The transformation of a former GRTC property near the Fan and Carytown is well underway as its developers prepare to begin leasing up the project’s apartments and commercial space.
New construction began last month on two mixed-use buildings at the 7-acre former bus barn site at 101 S. Davis Ave., now dubbed Cary Street Station. The new structures will add to seven existing buildings and combined will house nearly 16,000 square feet of commercial space and 285 apartments.
First announced last year, the $44 million project is being helmed by a partnership between Tom Dickey and Chris Johnson of the Monument Cos. and Howard Kellman of the Edison Co. Monument Construction, an arm of the Monuments Cos., is handling the buildout. Walter Parks is the architect.
Johnson said the goal of the project is to expand and unite Carytown and the commercial corridor along Robinson Street. The site’s plan of development approved in June and the developers sang the praises of Willie Thompson at the city’s planning department.
The existing buildings total 170,000 square feet and the new buildings will house 110,000 square feet, for a combined 280,000 square feet across the site.

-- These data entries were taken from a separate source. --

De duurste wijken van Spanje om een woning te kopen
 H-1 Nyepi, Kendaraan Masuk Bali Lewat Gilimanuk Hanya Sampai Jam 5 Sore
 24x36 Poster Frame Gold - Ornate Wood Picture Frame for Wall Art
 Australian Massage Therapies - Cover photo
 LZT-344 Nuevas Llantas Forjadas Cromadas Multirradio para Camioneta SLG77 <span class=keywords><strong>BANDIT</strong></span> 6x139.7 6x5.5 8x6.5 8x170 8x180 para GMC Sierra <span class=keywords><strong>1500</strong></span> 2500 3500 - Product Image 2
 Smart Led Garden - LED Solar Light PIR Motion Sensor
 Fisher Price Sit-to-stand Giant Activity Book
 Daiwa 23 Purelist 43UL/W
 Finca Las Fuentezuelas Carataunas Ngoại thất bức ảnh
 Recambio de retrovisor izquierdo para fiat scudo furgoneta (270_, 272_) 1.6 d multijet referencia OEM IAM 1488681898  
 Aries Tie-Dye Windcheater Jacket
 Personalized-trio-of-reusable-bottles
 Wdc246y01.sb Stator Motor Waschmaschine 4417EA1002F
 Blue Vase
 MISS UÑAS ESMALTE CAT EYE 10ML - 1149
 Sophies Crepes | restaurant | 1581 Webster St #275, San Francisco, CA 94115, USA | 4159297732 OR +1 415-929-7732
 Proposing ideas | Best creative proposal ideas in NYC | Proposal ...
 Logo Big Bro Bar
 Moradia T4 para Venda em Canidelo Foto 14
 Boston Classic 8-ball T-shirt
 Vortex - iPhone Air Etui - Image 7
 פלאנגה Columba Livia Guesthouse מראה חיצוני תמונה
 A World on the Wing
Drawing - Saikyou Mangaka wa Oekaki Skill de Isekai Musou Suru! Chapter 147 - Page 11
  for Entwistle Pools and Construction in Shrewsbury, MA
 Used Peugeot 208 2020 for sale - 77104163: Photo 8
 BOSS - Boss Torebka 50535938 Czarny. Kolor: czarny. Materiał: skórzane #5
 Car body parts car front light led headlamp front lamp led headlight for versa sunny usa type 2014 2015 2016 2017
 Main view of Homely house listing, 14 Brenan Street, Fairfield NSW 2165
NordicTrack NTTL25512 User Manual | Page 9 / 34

The two new buildings will be complete in spring 2017, after the seven existing rehabbed buildings are opened in stages from November to March. The developers are using historic tax credits and Union Bank & Trust to finance the project.
Leasing for the residential units begins Oct. 17 and is being handled by Stacy Bassetti of Legend Property Group, the property management arm of the Monument Cos. Rents will range between $1,352 for a one-bedroom unit and $1,900 for a three-bedroom unit. Amenities at Cary Street Station will include a pool, clubhouse with kitchen and games, a two-story gym, a pool house, and a dog park.
Commercial leasing is being handled by JLL and The Shopping Center Group. As of Oct. 7, the developers had five letters of intent from local restaurant tenants under review, and they have received interest from a salon and a jeweler.
Cary Street Station’s logo features a trolley as a nod to the 112-year-old property’s past as a trolley shed and bus barn. To help research the site’s history, Dickey bought a book called “Rails in Richmond” by Carlton Norris McKenney. The book featured a map from 1925 of the Cary bus barn site and historic pictures of its buildings.
The names of the buildings on the development will allude to figures and aspects of Richmond’s public transportation history. For example, the new 11,500-square-foot building going in at the corner of West Cary and South Robinson streets will be named for Frank Sprague, who developed the first practical method for propelling an electric street car, according to the Monument Cos.